In Australia the front tyres will also be asymmetrical. Taramasso: "tyres are stressed in a way we don't see at other tracks"


Phillip Island is one of those tracks that riders love or hate, while for the tyre supplier it represents a significant challenge. Michelin well knows that there is no room for error at the 4448 m Australian track. This GP is an extreme test for tyres, that have to cope with fast turns, particularly the last one where tyres the highest temperature of the season.

At the Phillip Island round, both the rear and front tyres will be asymmetric, just like at the Sachsenring and Valencia. Three compounds are available (soft, medium and hard ) with a harder left side to help with the stress of the fast turns, while the right is softer so that it reaches temperature quickly.
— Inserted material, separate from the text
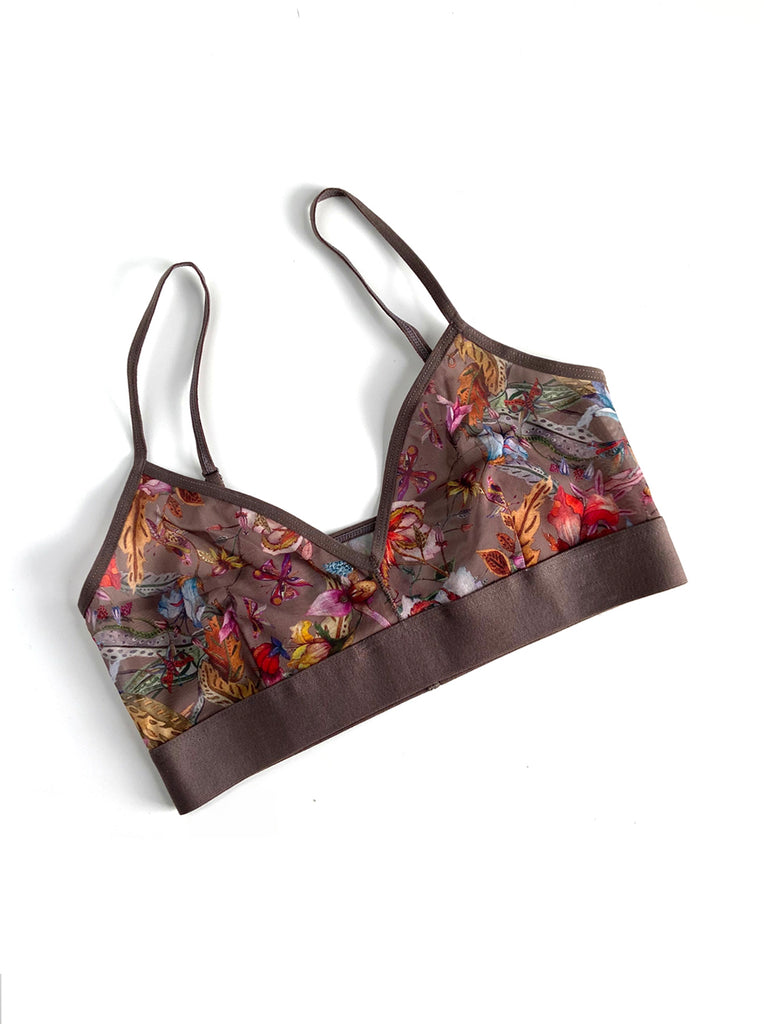 Everyday Bralette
In case of rain, the front tyres are symmetrical, while the rears are asymmetrical, all in a soft or medium compound.

"Phillip Island has a special significance for all involved with Michelin, as it is the one race of the season where we have the title sponsorship, so it feels very much like ‘our’ race -explains manager Piero Taramasso - The track is one of the most challenging throughout the year, it puts stresses on the tyres that we do not see anywhere else. Our tyres need to contend with high lap-times, a very asymmetric layout and some extremely fast corners, so they need to perform at all those levels, as well as having the ability to warm-up quickly, because it can be very cool there, as we have seen in recent seasons."

"This is a circuit we are always very respectful of and one that we don’t take lightly, that is why we have a tyre that is particular to Phillip Island, it is important for us to perform to the best of our ability at this round and we will certainly be doing that.”